Their last meeting will take place in the Batsheva studio, across the courtyard.  This week they will perform an evening of their own choreography, entitled Mixtape, an annual event that allows the dancers to try their hand at choreography.

The ensemble, also known as “the young people’s company,” is a place where dancers, generally age 18-24 and already well-trained, learn Batsheva's complex choreography and unique movement style. They stay between one to three years, after which some are invited to join the main company and others are left to find work elsewhere in Israel or abroad.

In the past several months, the turnover in both companies went from routine to much more dramatic when Batsheva in-house choreographer Sharon Eyal announced that she was starting her own dance company.
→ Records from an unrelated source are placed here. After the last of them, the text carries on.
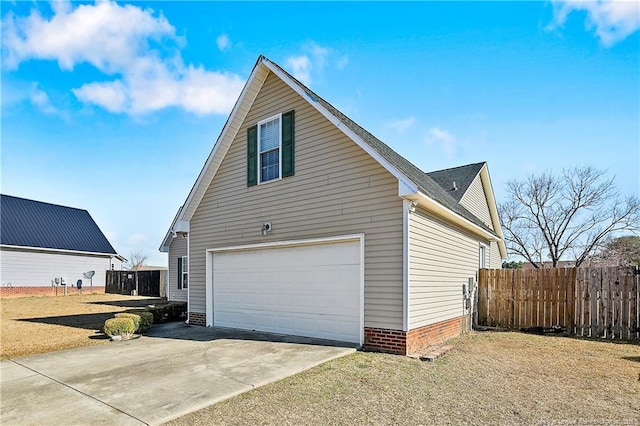 view of home's exterior featuring concrete driveway, a yard, and fence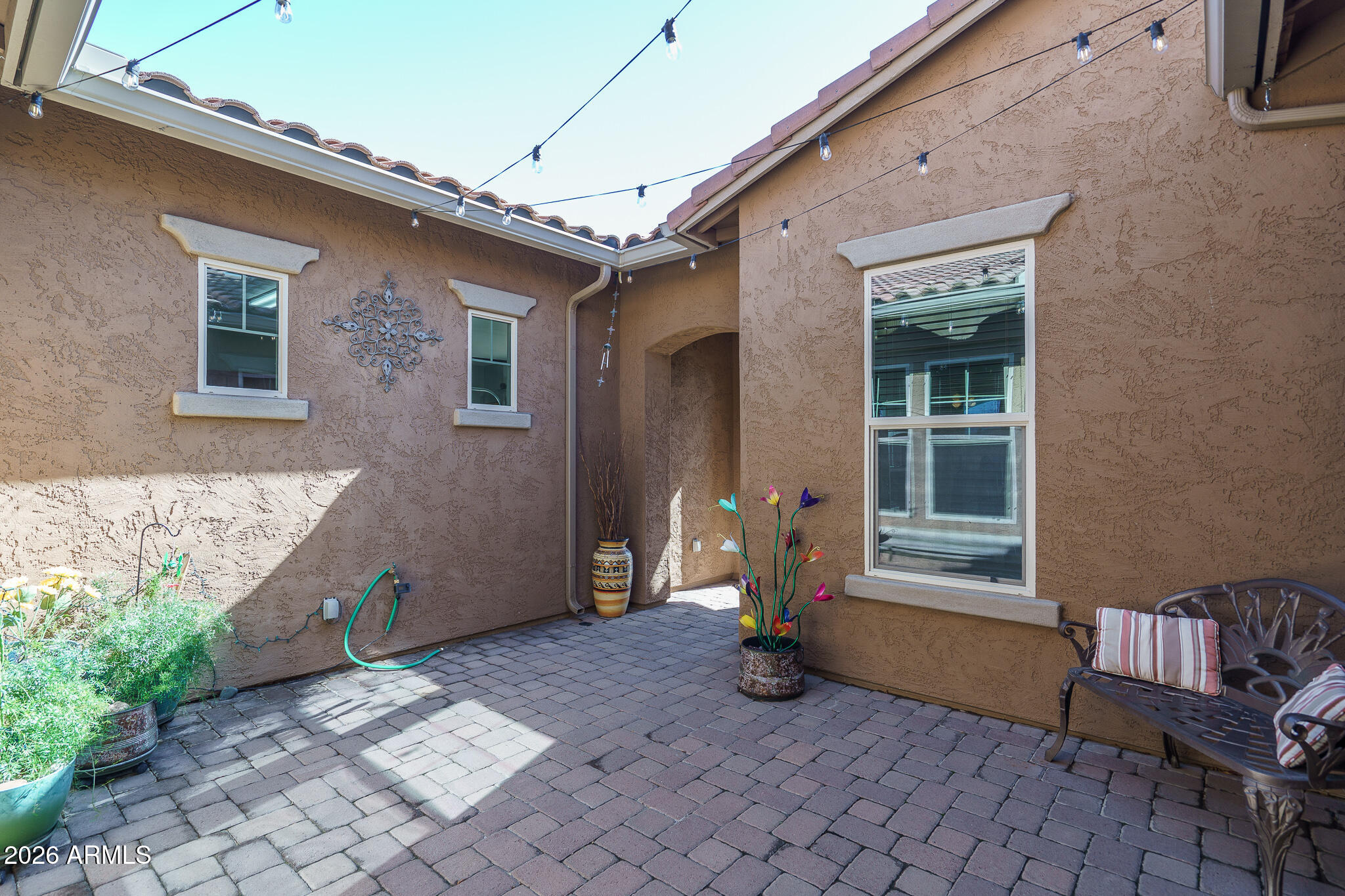 18398 West Rimrock Street Surprise, AZ 85388 - Photo 6 of 65 a backyard of a house with outdoor seating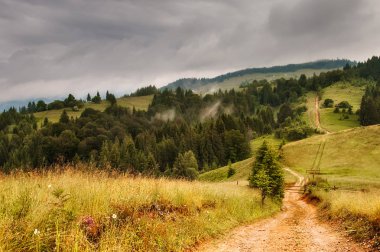 Dağ çayır dramatik gökyüzü ile yol. Kırsal dağlar manzara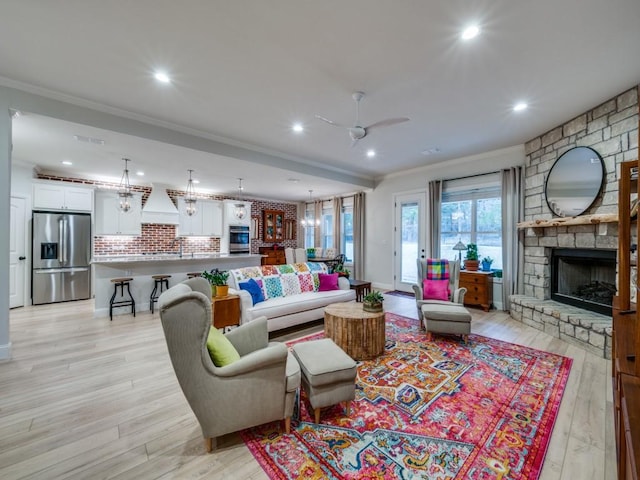 living room with crown molding, ceiling fan, a stone fireplace, and light hardwood / wood-style floors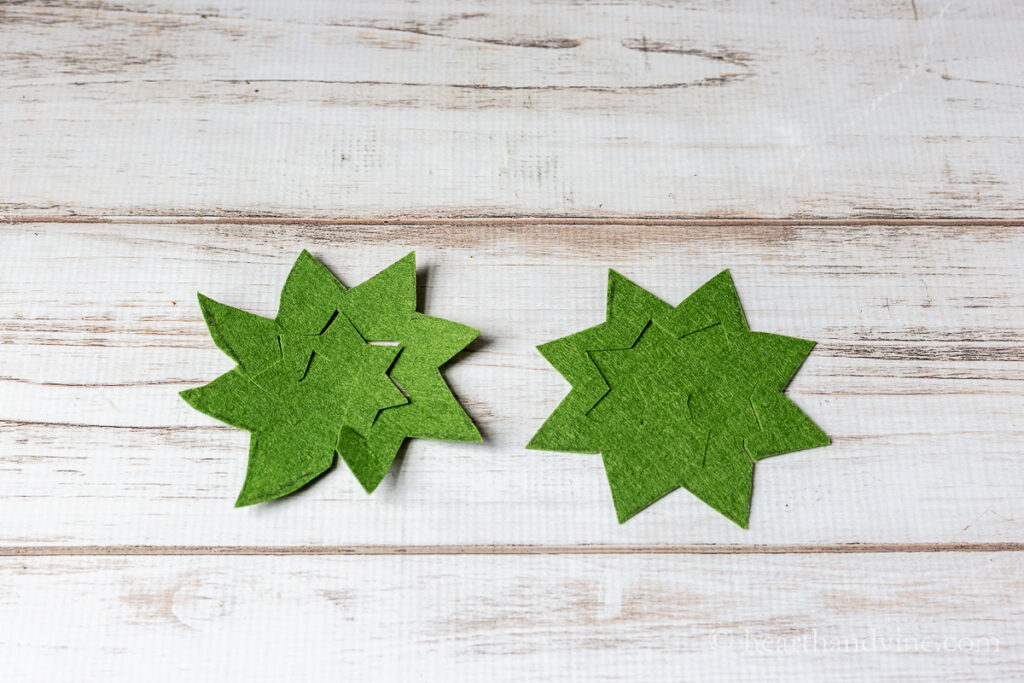 Two green felt cut outs cut into spiral shapes.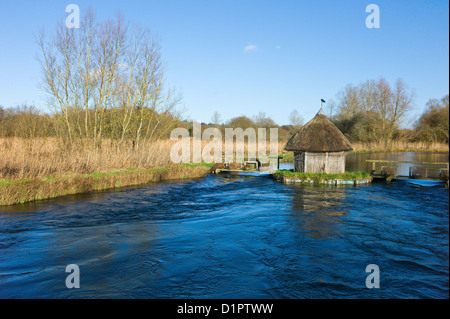 Test de la rivière, Longstock, Hampshire, England, UK - toit de chaume fishermans hut et les pièges de l'anguille Banque D'Images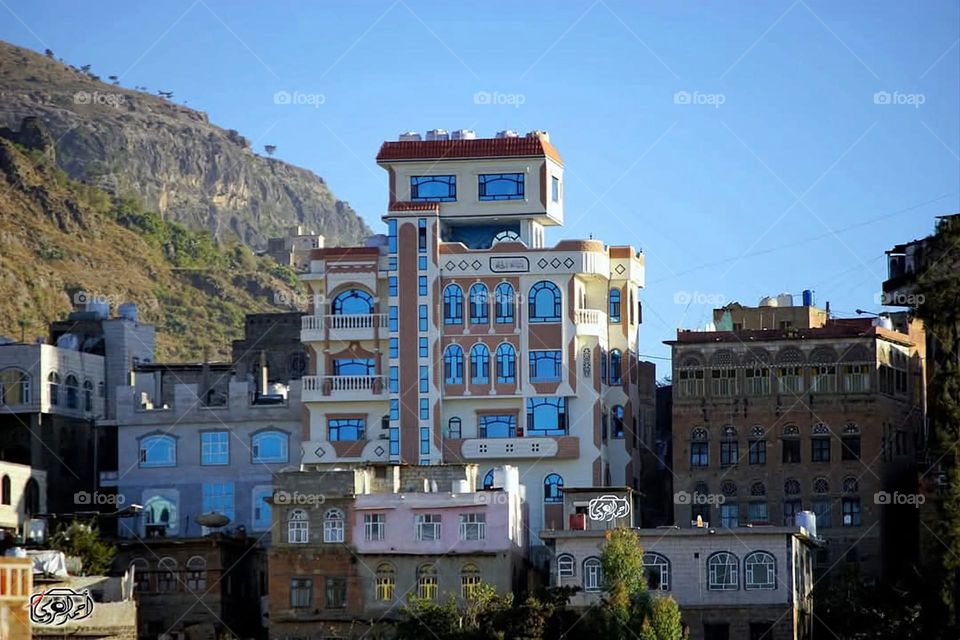 A stunning view of green mountains covered in fog in Yemen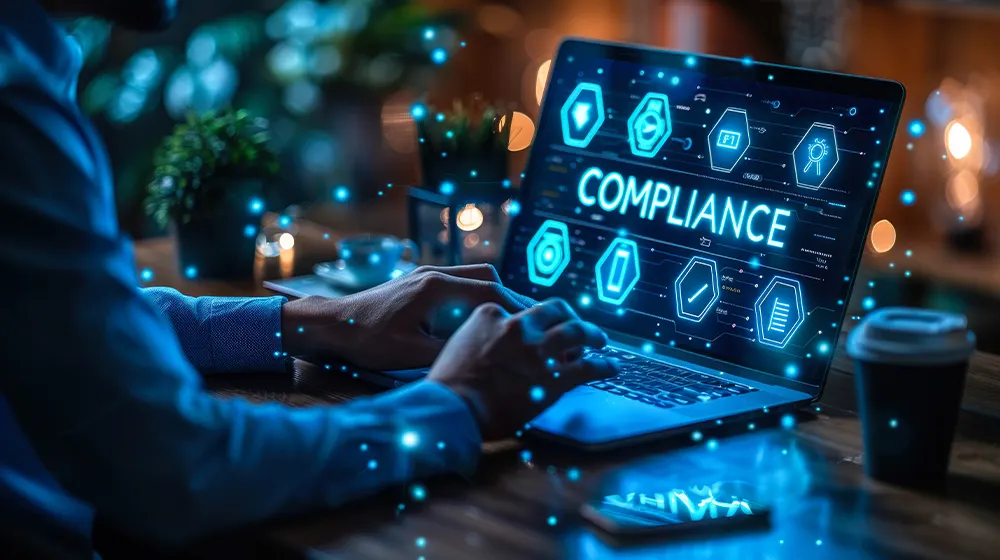 Image of a person typing on a laptop and checking a smartphone, with animated imagery related to compliance.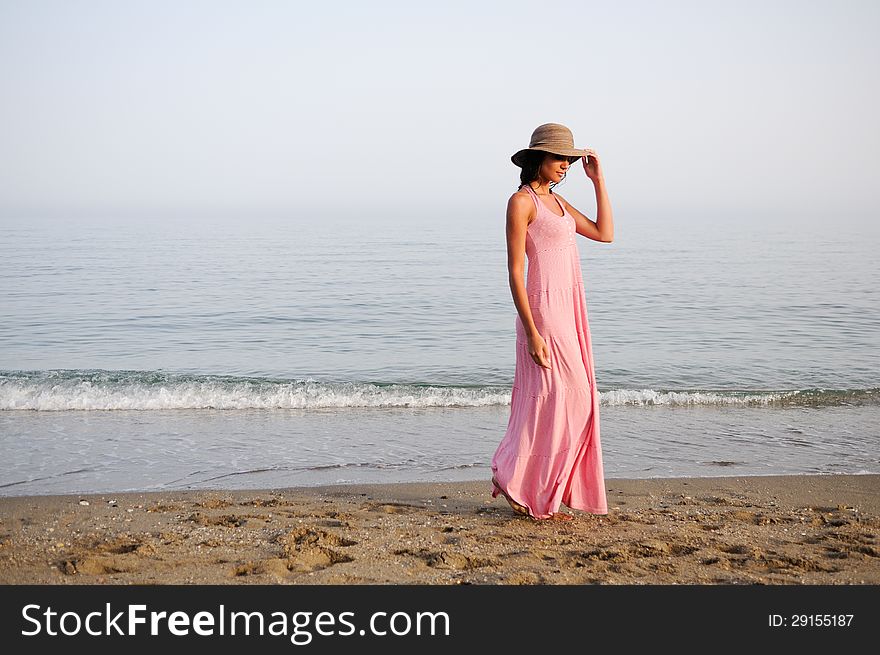 Portrait of a beautiful woman with long pink dress and sun hat on a tropical beach. Portrait of a beautiful woman with long pink dress and sun hat on a tropical beach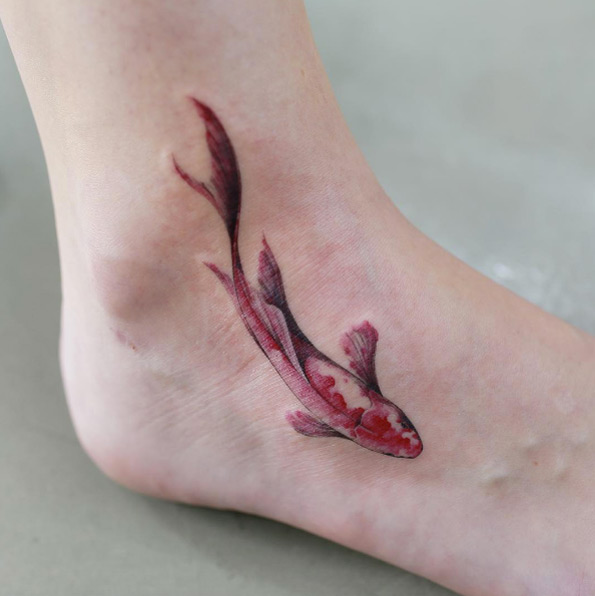 Koi fish on ankle by Doy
Several members of the main company chose to follow her; five ensemble members got offers as well.

“They didn’t invite me to stay here,” Olivia Ancona, an American dancer in her second year with the ensemble says of the main company. “I made a good connection with Sharon Eyal when I worked with her, so I decided to go with her.”

Ancona’s new career path has not only professional but personal ramifications – her partner, Omri Drumlevich, was chosen to join Batsheva’s adult company. “This is not an easy time," says Drumlevich.  "We're moving on into the unknown."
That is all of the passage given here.